The data that follows must be transcribed in full and exactly, minus the pictures.

"""

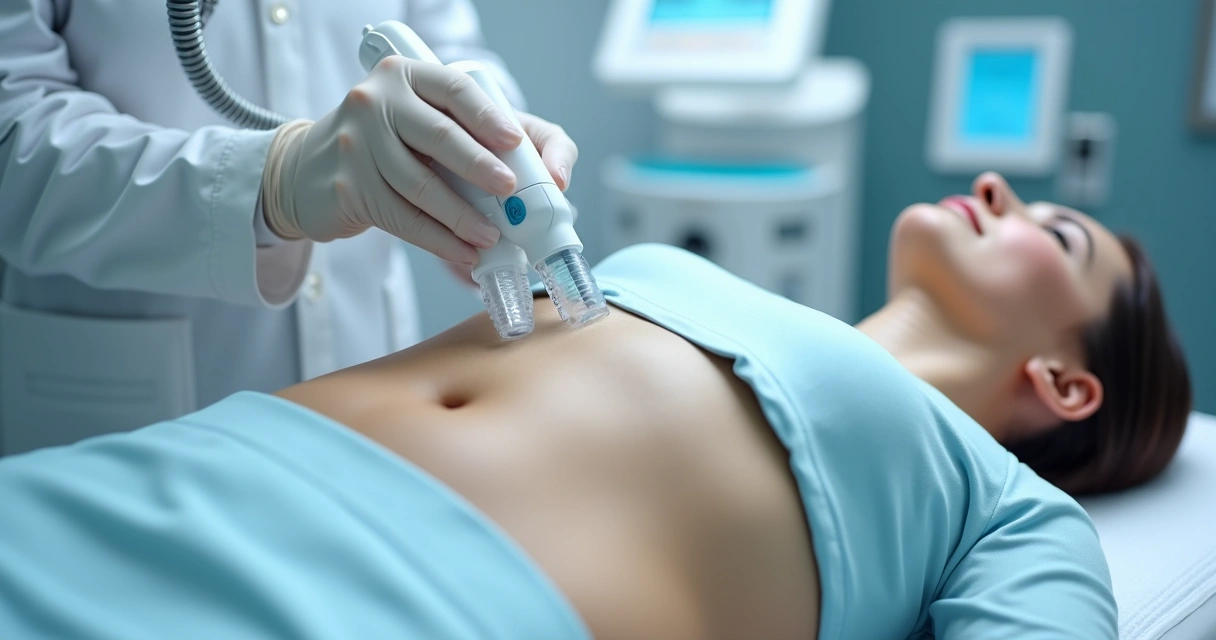 Aplicação de criolipólise na região abdominal humana 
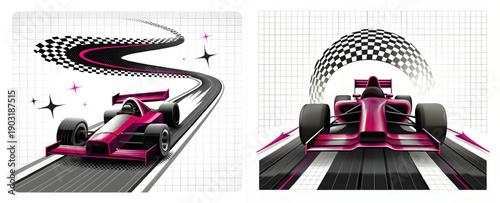 A pink race car speeding on a checkered track with a white background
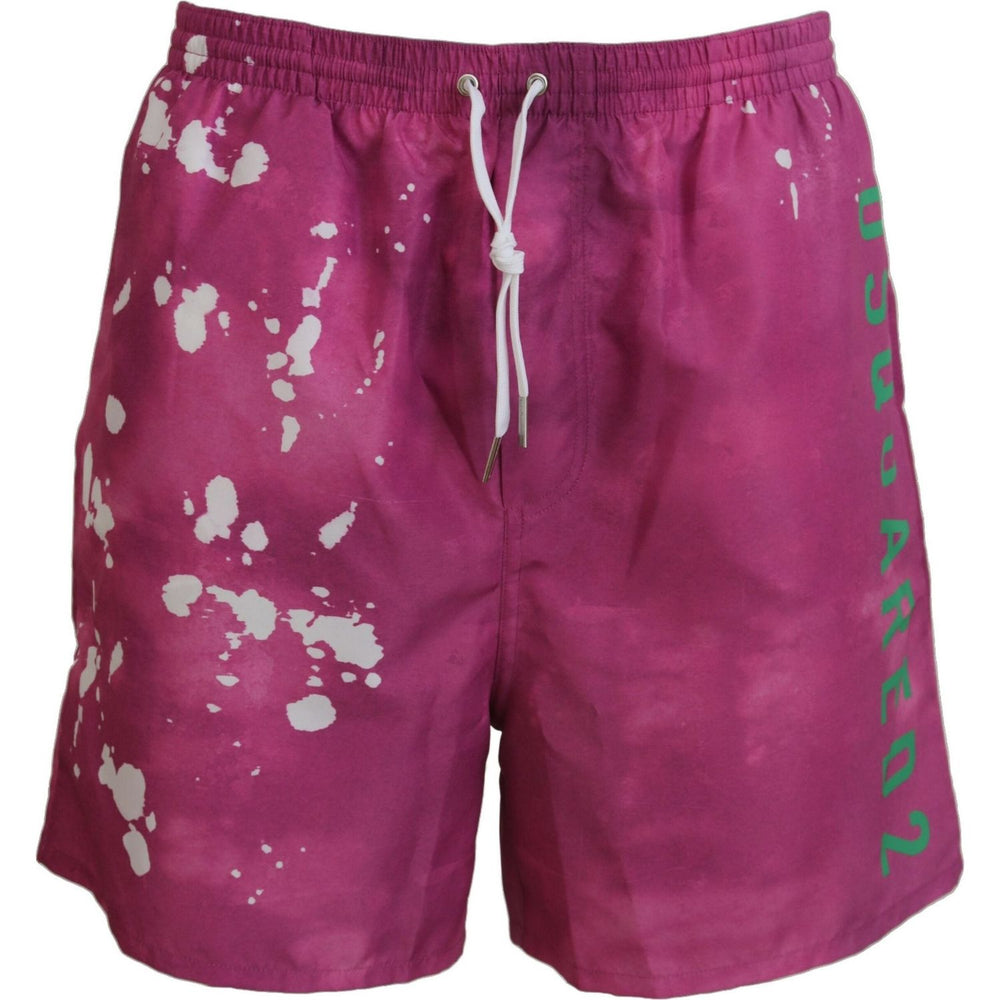 Dsquared² Pink Tie Dye Logo Men Beachwear Shorts Swimwear BIK1652 - 48
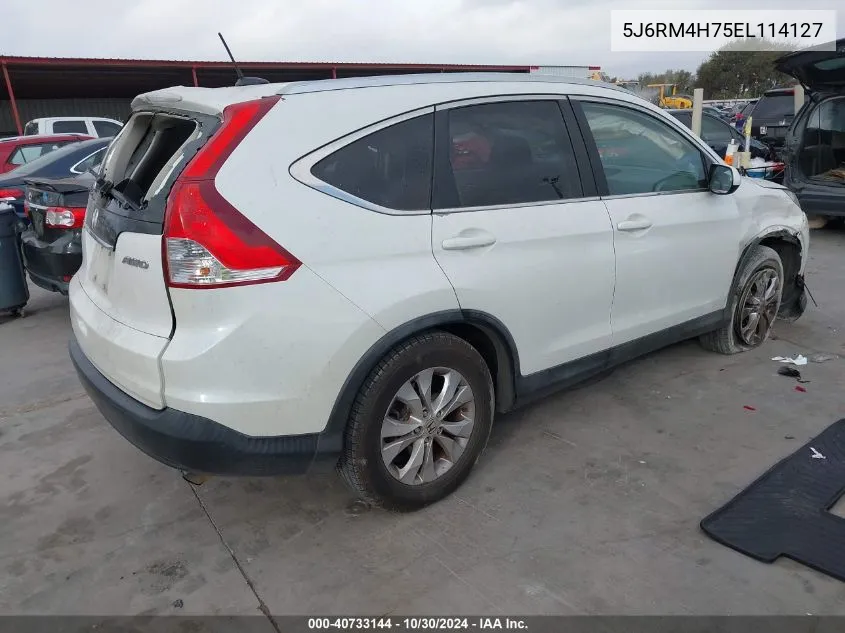 2014 Honda Cr-V Ex-L VIN: 5J6RM4H75EL114127 Lot: 40733144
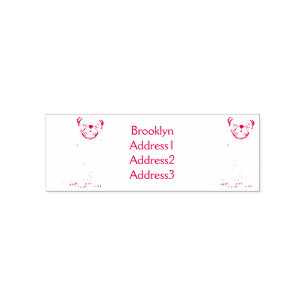 Funny happy pug dog cartoon illustration self-inking stamp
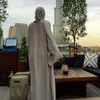 Moslim Vrouwen borduren open vest Maxi jurk katfan abaya dubai kimono gebed dienst islamitische kleding Lange Gewaad Tuniek Arabische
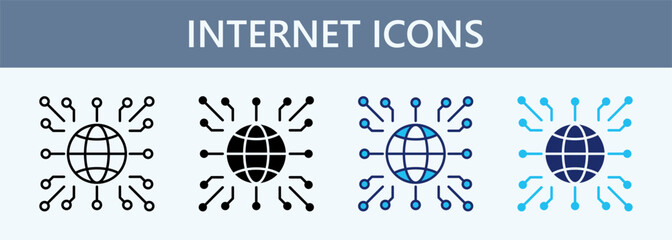 Internet Icon Set Multiple Style Collection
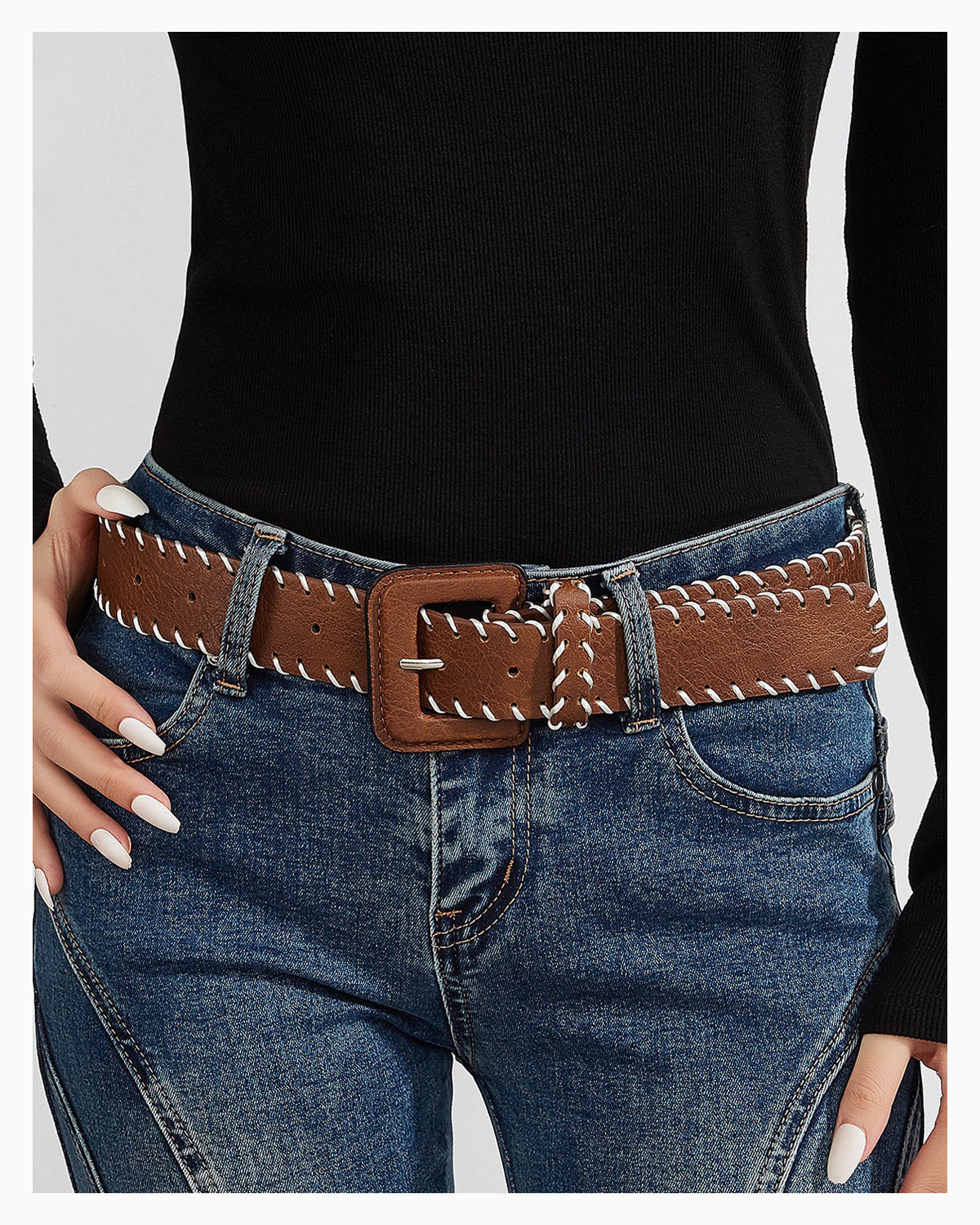 Women's Decorative Contrast-Stitch Brown Belt with Oversized Rectangular Buckle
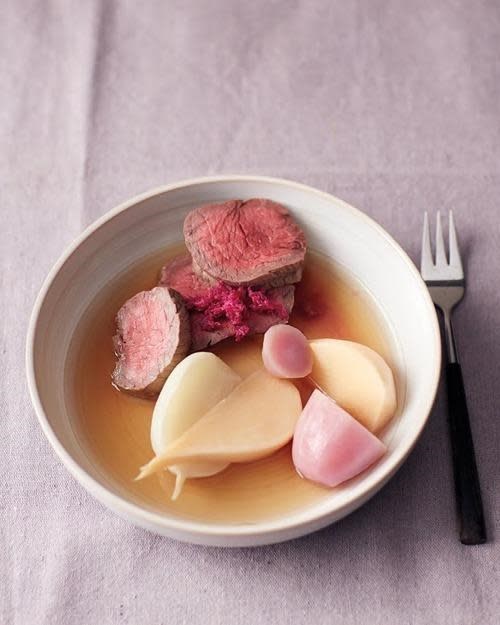 Beef tenderloin poached in onion broth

"""

WRITTEN ANSWER:
 Aplicação de criolipólise na região abdominal humana 
 A pink race car speeding on a checkered track with a white background
 Dsquared² Pink Tie Dye Logo Men Beachwear Shorts Swimwear BIK1652 - 48
 2014 Honda Cr-V Ex-L VIN: 5J6RM4H75EL114127 Lot: 40733144
 Funny happy pug dog cartoon illustration self-inking stamp
 Moslim Vrouwen borduren open vest Maxi jurk katfan abaya dubai kimono gebed dienst islamitische kleding Lange Gewaad Tuniek Arabische
 Internet Icon Set Multiple Style Collection
 Women's Decorative Contrast-Stitch Brown Belt with Oversized Rectangular Buckle
 Beef tenderloin poached in onion broth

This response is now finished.